In yet another aspect, the present disclosure provides a computer-readable medium having instructions stored therein which enable a processor having access to the instructions to perform a method of drilling a wellbore, the method including: receiving measurements of pressure of a fluid supplied to a drilling assembly deployed in the wellbore; estimating a standard deviation of the measurements of pressure; estimating a variation of a tool face angle of the drilling assembly from the estimated standard deviation of measurements of pressure; and altering a drilling parameter based on the estimated variation of the tool face angle of the drilling assembly to drill the wellbore.
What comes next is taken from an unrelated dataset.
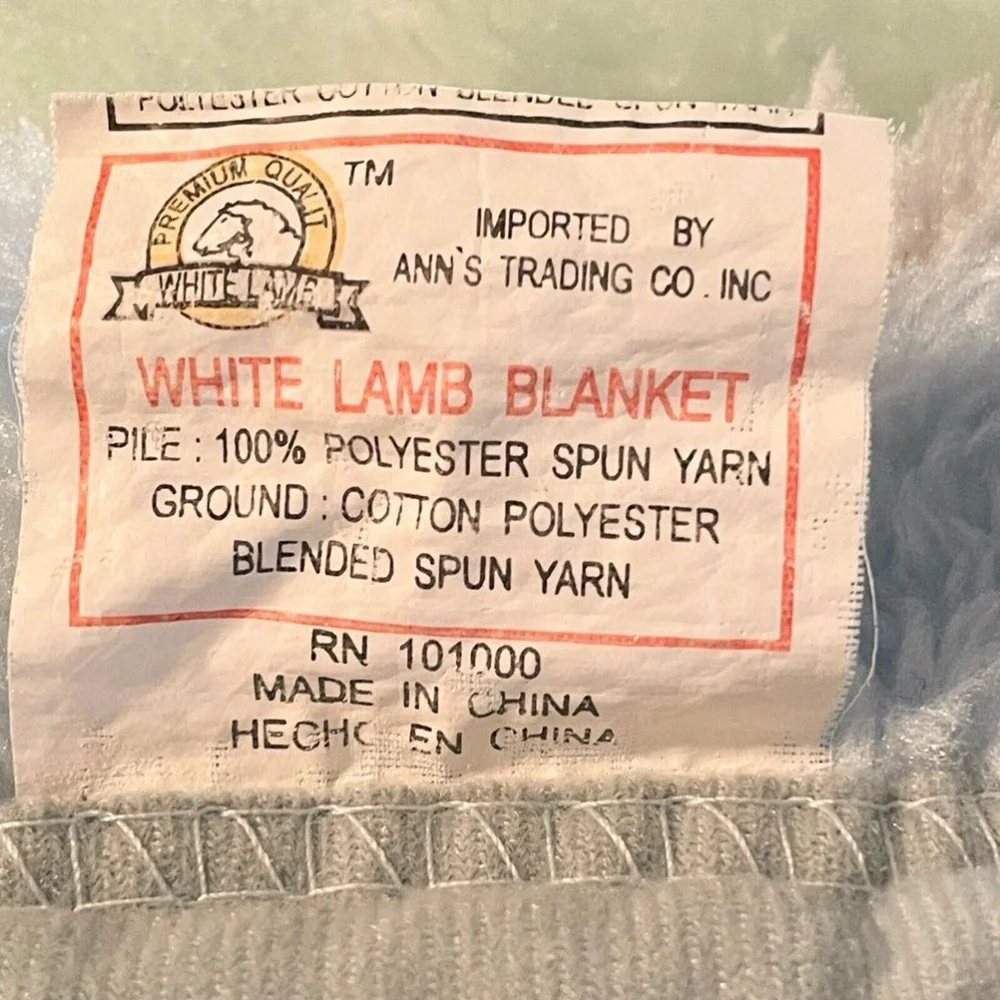 Vtg White Lamb Plush Baby Blanket Outdoor Cradle Birds Dog Silky Soft Blue Green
In another aspect, the present disclosure provides a method of estimating a variation of a tool face angle of a drilling assembly in a wellbore, the method including: obtaining pressure measurements of a fluid flowing through the drilling assembly using a sensor; estimating a standard deviation of the pressure measurements, and estimating a variation of a tool face angle of the drilling assembly from the estimated standard deviation. Estimating the variation of the tool face angle of the drilling assembly may include comparing the estimated standard deviation of the fluid pressure to a selected pressure as well as estimating a degree of oscillation of the tool face angle about a median value of the tool face angle.
While the foregoing disclosure is directed to the preferred embodiments of the disclosure, various modifications will be apparent to those skilled in the art. It is intended that all variations within the scope and spirit of the appended claims be embraced by the foregoing disclosure.